Intracellular Roles of Polyphosphate

High cytoplasmic polyP levels have been found in various cell lines, including NIH3T3 fibroblasts, Vero epithelial kidney cells and Jurkat CD4+ T cells (19). Tissues with high energy demand and high regeneration or proliferation capacity (e.g., brain, heart, liver, and cancer cells) are rich in polyP (19–21). In line with polyP's function as energy storage pool, defective polyP synthesis confers disadvantages for growth and survival of bacteria, fungi and protozoa (9, 22, 23). In bacteria, polyP is bound to Ca²⁺ ions and complexed with poly-β-hydroxybutyrate forming membrane channels utilized for DNA uptake (24, 25).

In eukaryotes, polyP has functions in mitochondria and the polymer is enriched within the intermembrane compartment and uncouplers of oxidative phosphorylation decrease mitochondrial polyP levels in S. cerevisiae (26, 27). Degradation of polyP using Ppx1 polyphosphatase, that is localized to the mitochondrial intermembrane space by a cytochrome c-derived targeting sequence, decreases the membrane potential and increases NADH levels in mitochondria (28, 29). Moreover, polyP appears to contribute to opening of the mitochondrial permeability transition pore in cardiac myocytes. In these cells in culture, Ppx1-mediated polyP degradation inhibits mitochondrial Ca²⁺ ion accumulation and interferes with Ca²⁺-induced cell death that is associated with myocardial infarction and ischemia reperfusion injury (30).
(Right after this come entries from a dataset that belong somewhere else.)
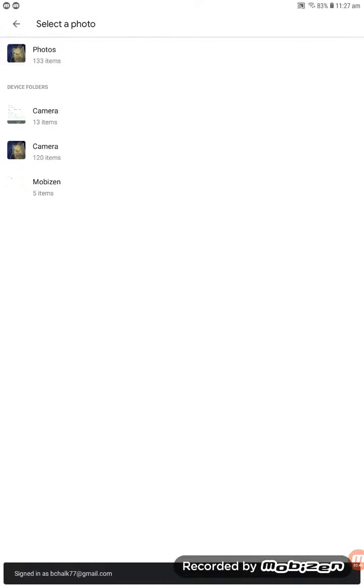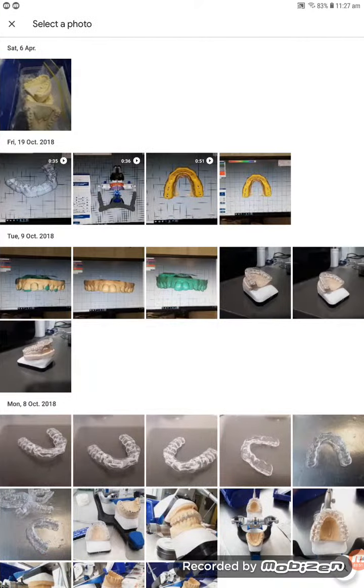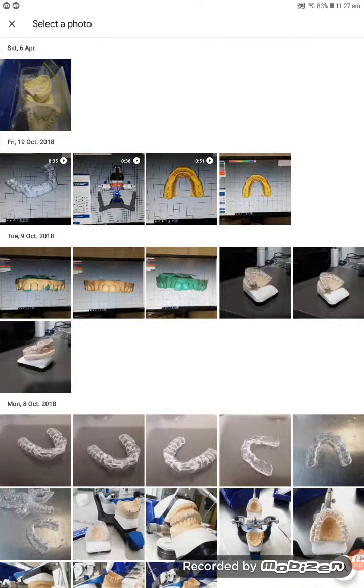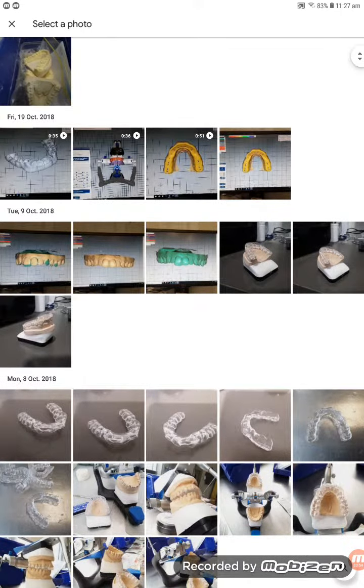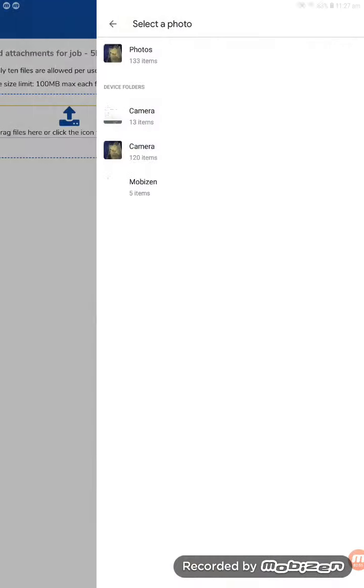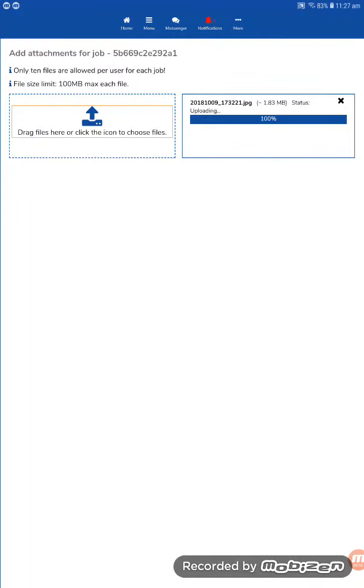go into my photos and find a relevant photo for this case. Let's say choose this one. It uploads the photo in real time, as you can see.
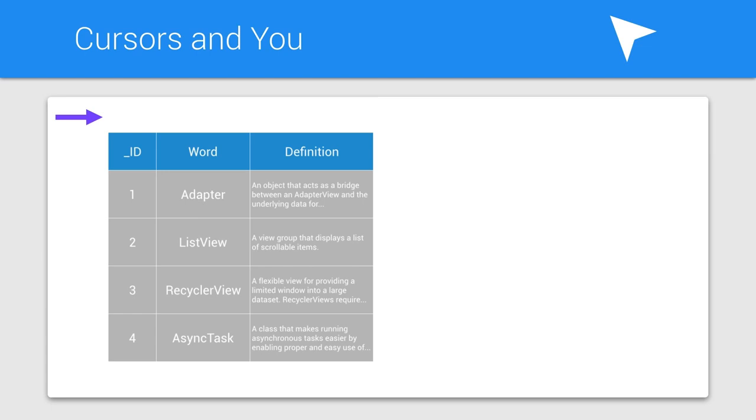The data of a cursor is tabular, as seen here. The data returned in your cursor is pretty simple. There are only three columns.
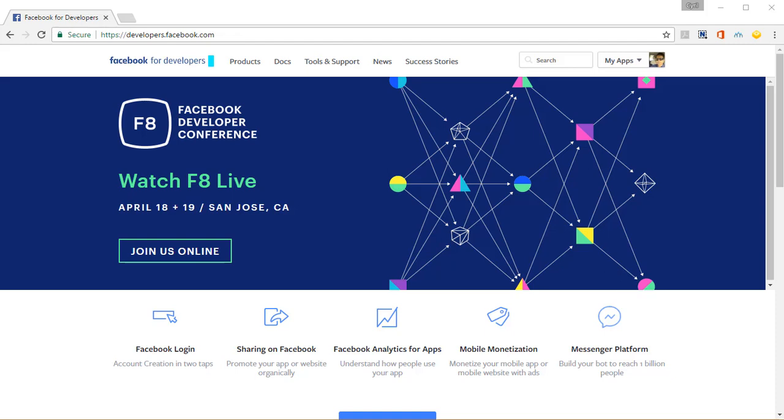Hey everybody, this is your friend Cyril Jeet and in this video, I want to show you how to set up a Facebook app for Livecaster.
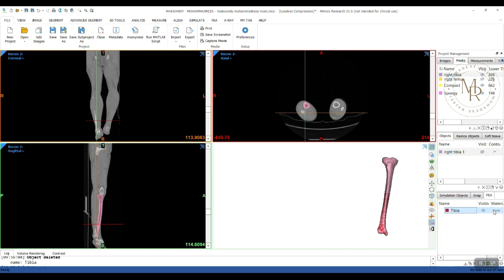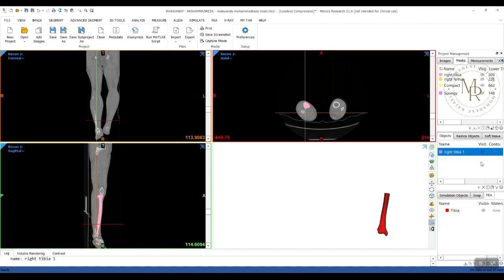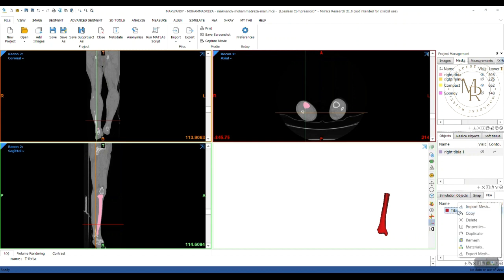As you can see, the material has not been assigned yet. By clicking on the eye icon here, you can change the visibility of the object. I want to assign material for tibia. So, I right-click on tibia, select materials.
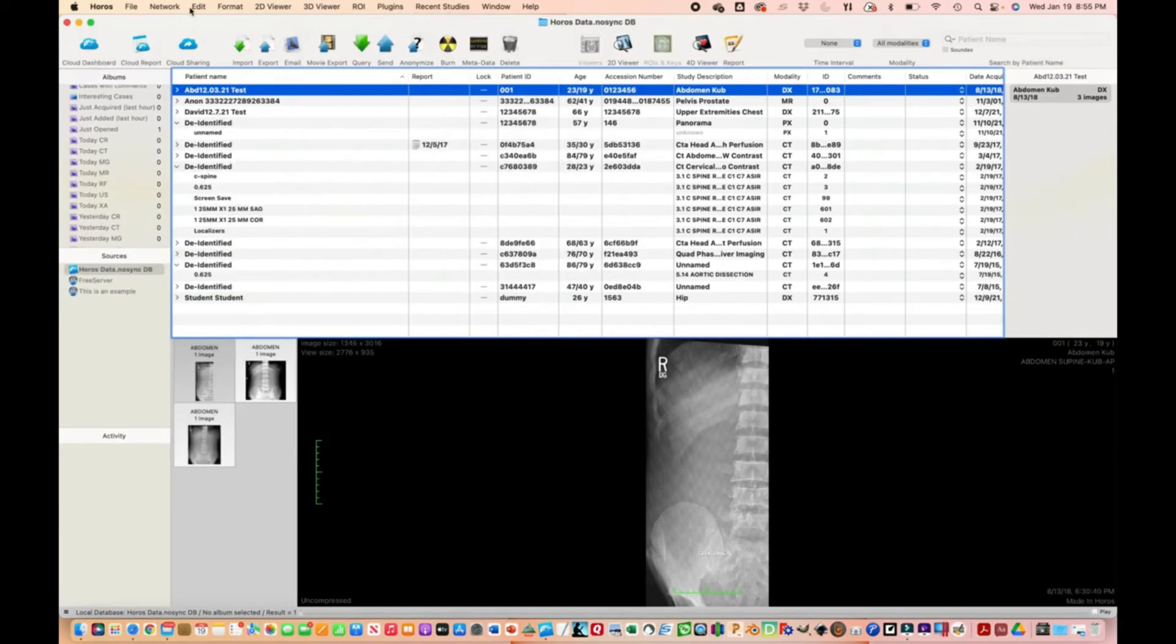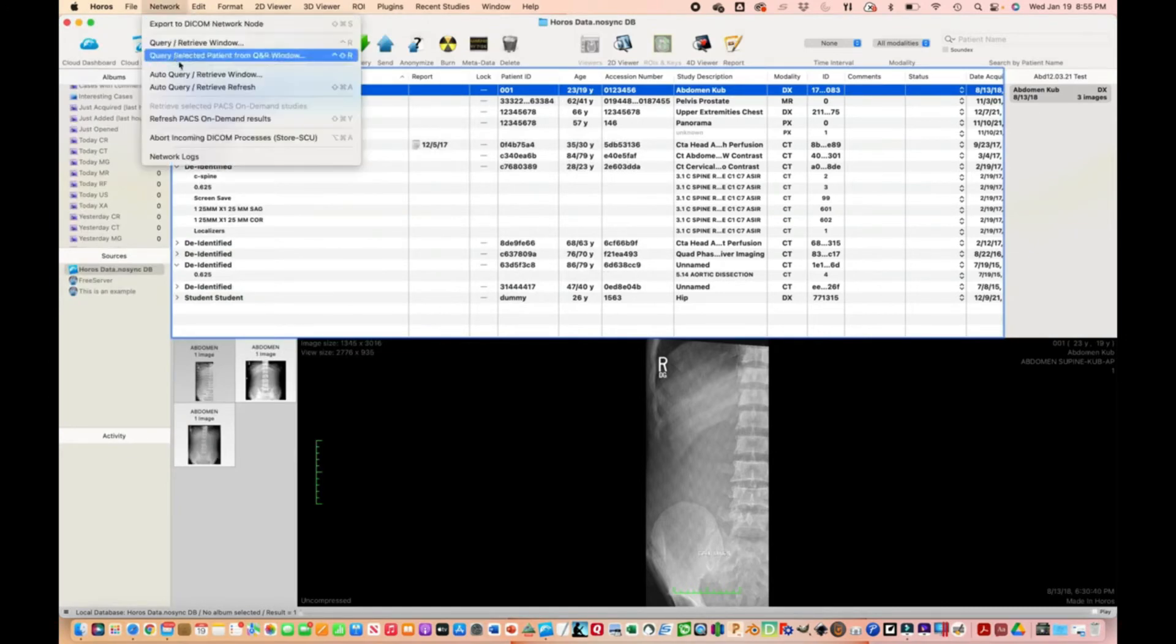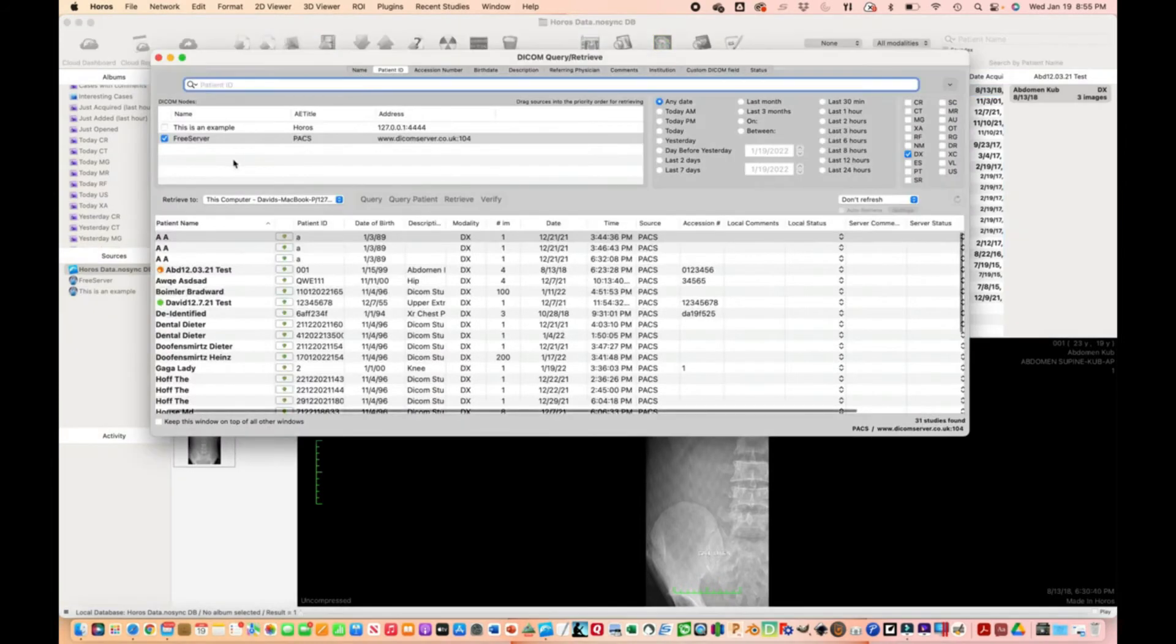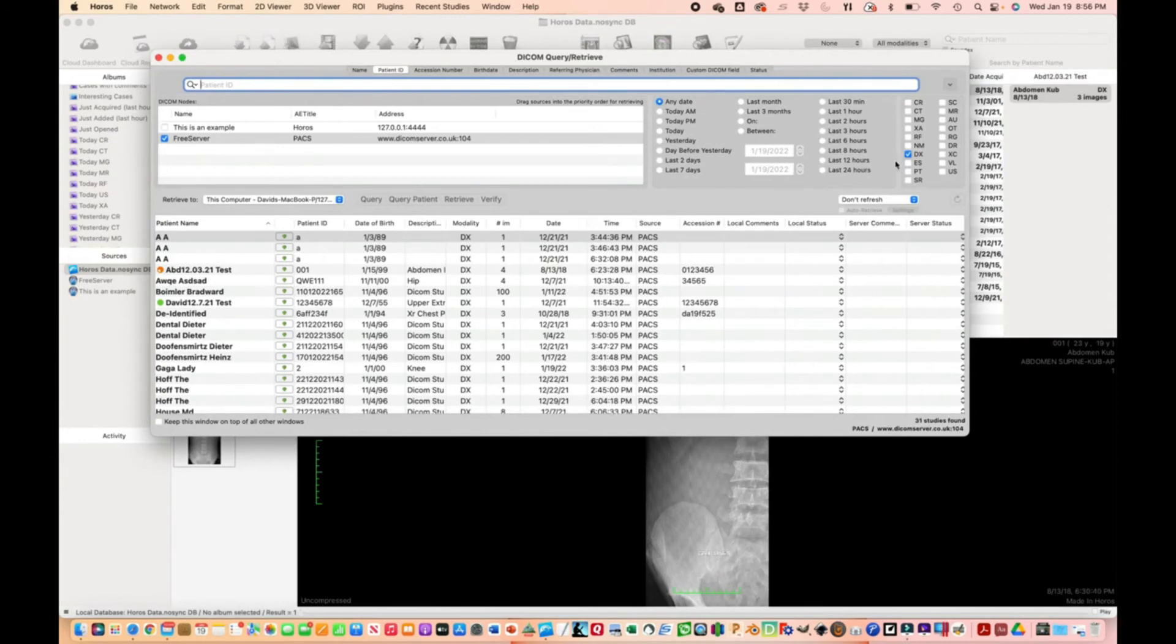When you go to Network and then Query/Retrieve window, that's populated by this server we set up. If you want to find digital images, select DX and hit Query.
Based on the function of the polymer for growth and survival, polyP is believed to have a role in malignant diseases. In cancer cells, polyP has been detected in epithelial tumor cell lines derived from prostate and mammary gland as well as in primary myeloma B cells (21, 31, 32). In addition to cancer-associated pro-coagulant activities of extracellular polyP (see below), the polymer facilitates various intracellular functions in cancer cells. PolyP increases the kinase activity of mammalian target of rapamycin (mTOR) in MCF-7 tumor cells and accumulates at nucleolar transcription sites in myeloma cells. In contrast, Ppx1-mediated polyP degradation and actinomycin D-induced transcription inhibition abrogate these polyP effects (31, 32). Together, the data suggest, that polyP may act as metabolic driving force in different cellular compartments, thereby promoting tumorigenesis.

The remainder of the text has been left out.